Letting it all hang out is...crude. Today, it seems youth and celebrities and even some old folks revel in it (except for the glamorous ones). When I grew up, you kept your personal information, well, private.  Only close relatives were subjected to the details of your recent "troubles", whether they be financial, physical, or mental. Unlike now.

I recently had to choose between browsing the magazines at Barnes & Noble or listening to a play by play of a third party's gynecological appointment being reenacted over a cell phone. It sounded as if the woman on the other end of the line didn't even know the unlucky subject, so why would she care? (Most likely, she was desperately planning her own medical emergency in order to escape the monologue.)

Most of the time, if you thought about what you were being told, you would laugh. I refer to an article I recently read where the woman described her daughter as having a disability because she "couldn't help saying NO to me". It was called something ingenious like "Saying No Disorder". 

I bet a little thinking on her part would have put the apple back on the cart. The woman was going through a divorce--traumatic on any child. The daughter acted out by saying "No!" Now she has a disorder, and instead of learning self-control or working through her anxieties with a qualified family therapist, she gets to run around shouting "No!" all day and reaping the rewards--attention and sympathy.

When I acted out as a teen (and, women, we know that teenage girls are all bitches, and I feel I can use that word because my aunt, daughter of a Baptist minister, used it to describe her own teenager) my mother had a more practical approach. She came home from shopping and threw a t-shirt at me. Inscribed on the front were my favorite words. "Yes, I know." Mom said, "Save your breath." I did, because having her make fun of it took the joy out of acting up. (Mom's a smart woman.) And I didn't require psychotherapy to help me recover from T-shirt Humiliatous.
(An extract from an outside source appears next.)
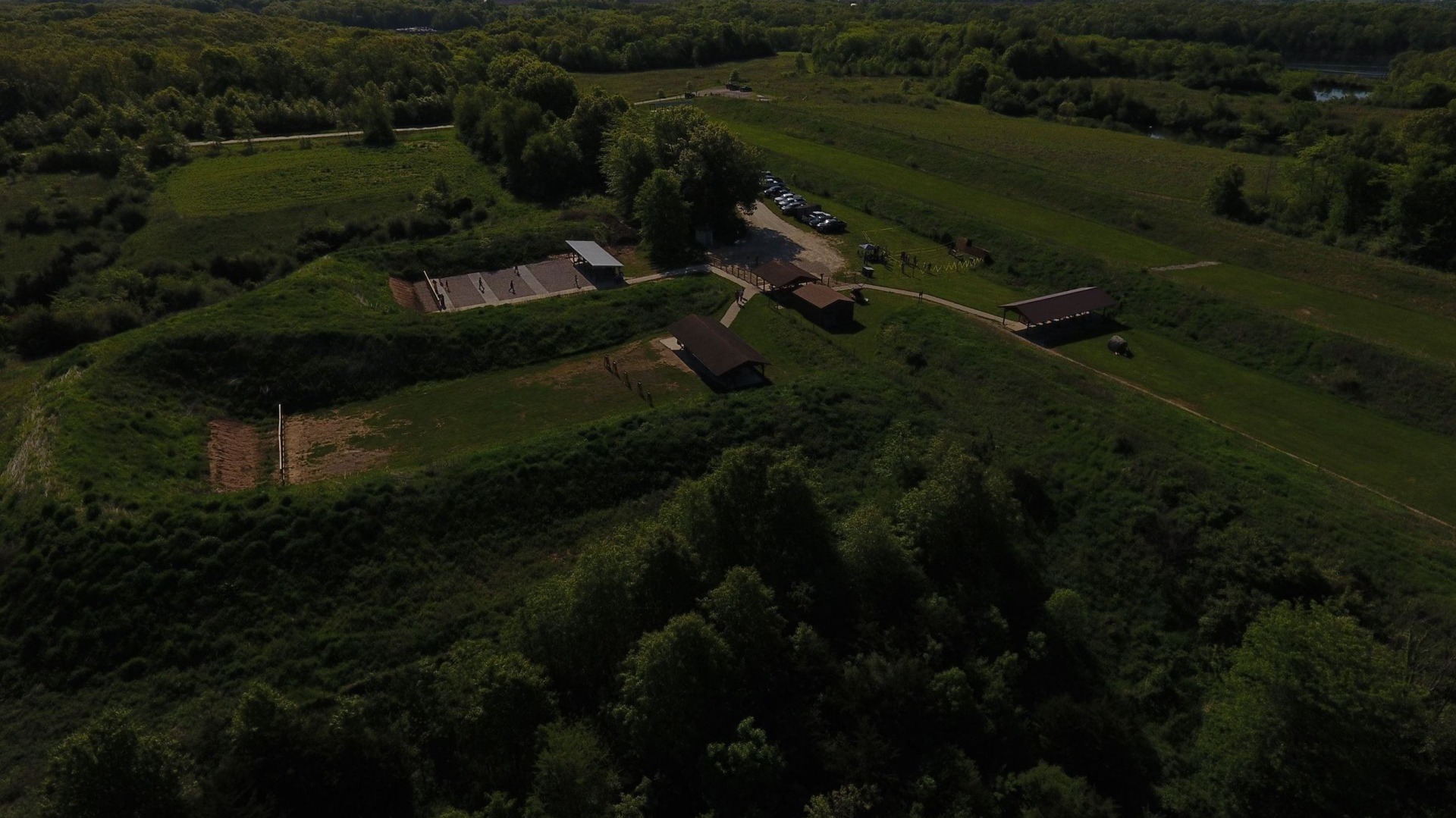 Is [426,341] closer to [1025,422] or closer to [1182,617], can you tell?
[1025,422]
I do have a point. As a writer, how am I supposed to compete with a play-by-play gynecological appointment? If disorders are as common as head colds and something to be proud of, do I have to write a healthy protagonist in order to surprise my readers?

When Agatha Christie's character called someone a "bitch", you sat up and took notice because it was a rare page that contained swearing. Now F-bombs fall from the sky like Washington rains. The hubby is working on an alleged comedy. They are filming scenes twice to capture two different ratings. Do the swear words make the dialogue funnier? I'm guessing...no.

The English understand the humor in restraint. It;s difficult to mimic British humor. It takes an intelligent, clever mind, and I admit that's one reason my mysteries aren't placed in England.

I have to get back to my own writing now. Perhaps I can include a scene from my appointment with--no. I just can't share those kinds of details.I guess I'll head back to Barnes & Noble and hope that someone feels like discussing their colonoscopy with friends.